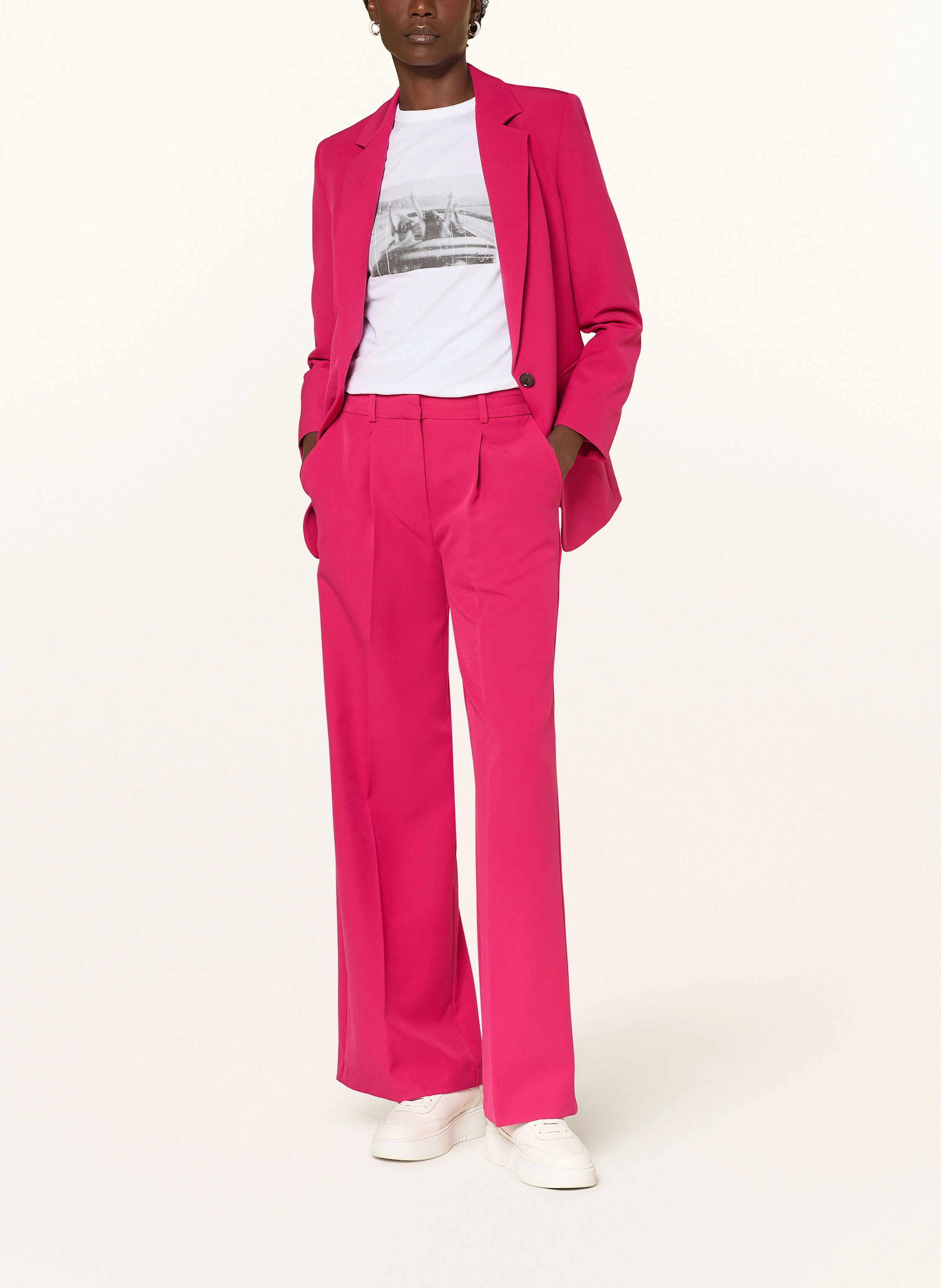 BOSS Marlenehose TIWI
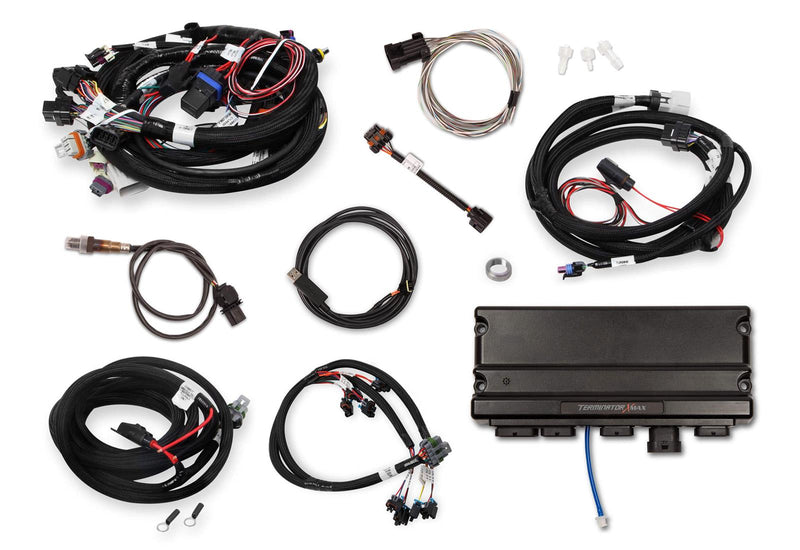 Holley 550-917T Terminator X MAX Engine Management System - GM LS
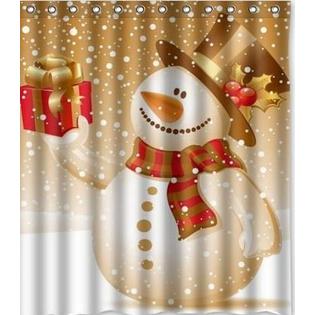 Mr Garden 3d Snowman With Holiday Presents Vintage Style Brown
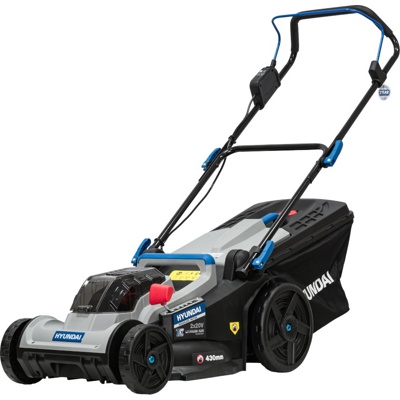 Газонокосилка аккумуляторная HYUNDAI L-443iON- фото2
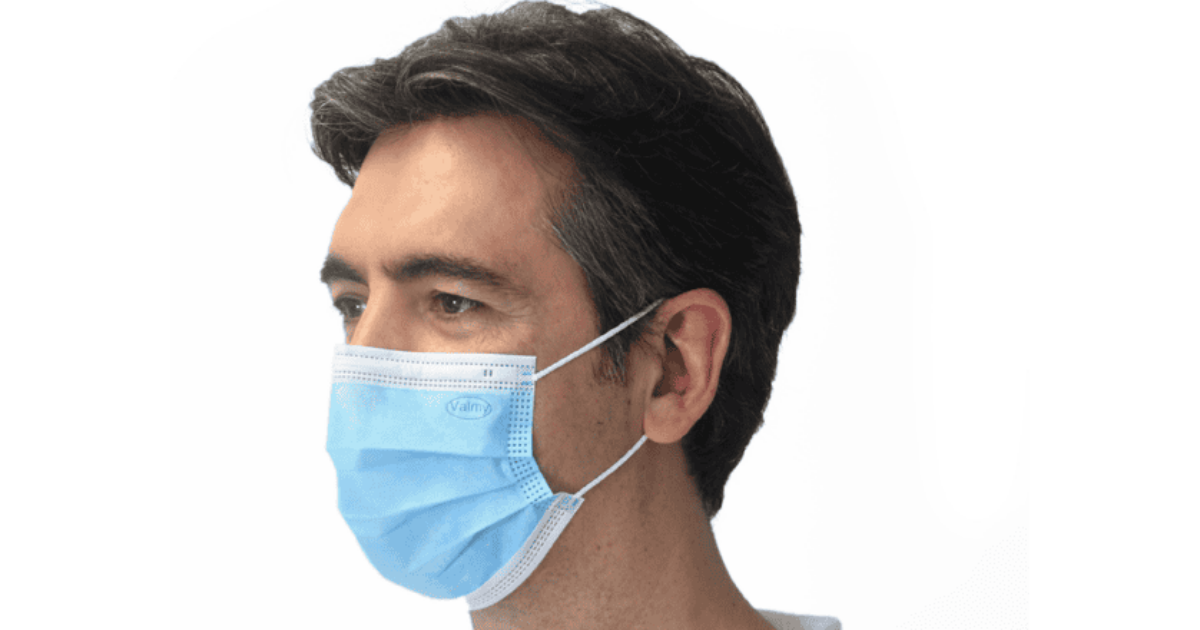 Injrue Mask Surgeor® Type IIR Surgical Mask PPE – Pack of 50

WORK INSTRUCTION
The material above must be set down word for word, with no picture carried over.

ANSWER TO THIS EXERCISE
 BOSS Marlenehose TIWI
 Holley 550-917T Terminator X MAX Engine Management System - GM LS
 Mr Garden 3d Snowman With Holiday Presents Vintage Style Brown
 Газонокосилка аккумуляторная HYUNDAI L-443iON- фото2
 Injrue Mask Surgeor® Type IIR Surgical Mask PPE – Pack of 50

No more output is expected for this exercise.